TASK DETAILS: In the data below, the answer is the run of lines from the line containing "Joel Zumaya" through the line containing "-芸海阁·农家私房菜(沙家浜景区出口店)", both included; print it exactly and nothing else.

Crawled caption data:
************

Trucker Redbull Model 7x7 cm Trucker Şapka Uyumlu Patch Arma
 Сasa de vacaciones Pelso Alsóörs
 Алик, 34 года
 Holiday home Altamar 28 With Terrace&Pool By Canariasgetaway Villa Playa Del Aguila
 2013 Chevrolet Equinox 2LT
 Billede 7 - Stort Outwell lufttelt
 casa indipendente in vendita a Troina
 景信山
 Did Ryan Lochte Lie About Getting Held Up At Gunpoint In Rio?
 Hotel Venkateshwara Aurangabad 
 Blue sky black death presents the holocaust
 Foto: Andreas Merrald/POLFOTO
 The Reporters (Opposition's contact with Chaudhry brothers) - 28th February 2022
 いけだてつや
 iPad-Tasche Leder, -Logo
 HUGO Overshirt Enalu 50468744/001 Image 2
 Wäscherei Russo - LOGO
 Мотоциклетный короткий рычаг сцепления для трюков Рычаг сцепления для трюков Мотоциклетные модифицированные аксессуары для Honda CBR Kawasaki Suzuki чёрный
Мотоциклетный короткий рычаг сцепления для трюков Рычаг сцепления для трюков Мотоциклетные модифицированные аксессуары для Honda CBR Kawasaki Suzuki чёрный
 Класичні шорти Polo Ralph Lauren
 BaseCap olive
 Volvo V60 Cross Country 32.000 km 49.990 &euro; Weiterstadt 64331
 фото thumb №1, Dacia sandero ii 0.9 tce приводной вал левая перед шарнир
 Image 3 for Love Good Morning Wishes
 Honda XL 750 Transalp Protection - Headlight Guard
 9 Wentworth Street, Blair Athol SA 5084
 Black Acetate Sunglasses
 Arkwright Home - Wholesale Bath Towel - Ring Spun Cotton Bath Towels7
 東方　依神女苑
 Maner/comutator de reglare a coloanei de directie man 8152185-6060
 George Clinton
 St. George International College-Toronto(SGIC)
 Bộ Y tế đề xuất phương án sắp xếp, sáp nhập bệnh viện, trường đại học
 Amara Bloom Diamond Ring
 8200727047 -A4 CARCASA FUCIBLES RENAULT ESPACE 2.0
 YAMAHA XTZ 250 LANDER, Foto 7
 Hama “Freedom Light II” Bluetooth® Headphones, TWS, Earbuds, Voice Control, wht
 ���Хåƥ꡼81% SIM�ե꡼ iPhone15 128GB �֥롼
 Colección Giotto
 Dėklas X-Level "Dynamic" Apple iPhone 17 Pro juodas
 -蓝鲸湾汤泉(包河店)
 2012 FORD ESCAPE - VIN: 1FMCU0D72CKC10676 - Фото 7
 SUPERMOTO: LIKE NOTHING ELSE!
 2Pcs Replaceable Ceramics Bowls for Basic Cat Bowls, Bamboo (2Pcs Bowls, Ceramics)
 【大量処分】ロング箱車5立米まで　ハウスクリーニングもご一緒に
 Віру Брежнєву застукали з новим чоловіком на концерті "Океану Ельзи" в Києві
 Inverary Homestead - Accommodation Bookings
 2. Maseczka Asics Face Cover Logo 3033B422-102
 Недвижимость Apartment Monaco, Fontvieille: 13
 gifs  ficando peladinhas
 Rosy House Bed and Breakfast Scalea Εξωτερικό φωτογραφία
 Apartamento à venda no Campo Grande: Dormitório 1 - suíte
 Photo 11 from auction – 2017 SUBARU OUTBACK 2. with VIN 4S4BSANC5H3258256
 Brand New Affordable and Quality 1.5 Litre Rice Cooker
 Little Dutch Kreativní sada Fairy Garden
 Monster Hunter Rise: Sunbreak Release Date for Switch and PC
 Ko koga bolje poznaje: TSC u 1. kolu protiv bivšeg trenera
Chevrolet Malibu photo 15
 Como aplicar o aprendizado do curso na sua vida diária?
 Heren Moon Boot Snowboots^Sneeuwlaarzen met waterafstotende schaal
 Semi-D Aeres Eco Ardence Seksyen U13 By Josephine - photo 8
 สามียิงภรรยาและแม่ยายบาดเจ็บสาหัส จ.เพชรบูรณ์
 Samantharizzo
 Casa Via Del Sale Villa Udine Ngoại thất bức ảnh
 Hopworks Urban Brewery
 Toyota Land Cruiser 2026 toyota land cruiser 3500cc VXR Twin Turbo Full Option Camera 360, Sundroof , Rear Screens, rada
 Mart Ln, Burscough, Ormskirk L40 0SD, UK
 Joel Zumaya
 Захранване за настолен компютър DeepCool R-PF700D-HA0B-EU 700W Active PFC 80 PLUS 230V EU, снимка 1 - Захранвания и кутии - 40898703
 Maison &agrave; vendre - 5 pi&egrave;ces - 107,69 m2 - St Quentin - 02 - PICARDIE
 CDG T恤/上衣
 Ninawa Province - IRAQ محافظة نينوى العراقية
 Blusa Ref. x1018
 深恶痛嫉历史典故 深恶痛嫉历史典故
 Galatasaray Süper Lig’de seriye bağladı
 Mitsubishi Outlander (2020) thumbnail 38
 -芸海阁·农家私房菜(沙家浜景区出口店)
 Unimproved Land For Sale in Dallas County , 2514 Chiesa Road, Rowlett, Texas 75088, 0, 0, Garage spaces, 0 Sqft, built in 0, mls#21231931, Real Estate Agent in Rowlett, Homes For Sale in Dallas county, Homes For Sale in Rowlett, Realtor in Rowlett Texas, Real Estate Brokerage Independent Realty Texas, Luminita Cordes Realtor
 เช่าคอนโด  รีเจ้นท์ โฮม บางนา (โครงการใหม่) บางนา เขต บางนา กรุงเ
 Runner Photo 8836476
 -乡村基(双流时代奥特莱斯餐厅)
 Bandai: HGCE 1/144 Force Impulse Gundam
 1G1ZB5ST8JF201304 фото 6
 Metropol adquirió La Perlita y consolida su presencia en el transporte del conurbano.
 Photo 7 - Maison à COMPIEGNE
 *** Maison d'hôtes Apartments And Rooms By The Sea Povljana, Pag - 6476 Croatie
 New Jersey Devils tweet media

************

SOLUTION FOR THIS TASK:
 Joel Zumaya
 Захранване за настолен компютър DeepCool R-PF700D-HA0B-EU 700W Active PFC 80 PLUS 230V EU, снимка 1 - Захранвания и кутии - 40898703
 Maison &agrave; vendre - 5 pi&egrave;ces - 107,69 m2 - St Quentin - 02 - PICARDIE
 CDG T恤/上衣
 Ninawa Province - IRAQ محافظة نينوى العراقية
 Blusa Ref. x1018
 深恶痛嫉历史典故 深恶痛嫉历史典故
 Galatasaray Süper Lig’de seriye bağladı
 Mitsubishi Outlander (2020) thumbnail 38
 -芸海阁·农家私房菜(沙家浜景区出口店)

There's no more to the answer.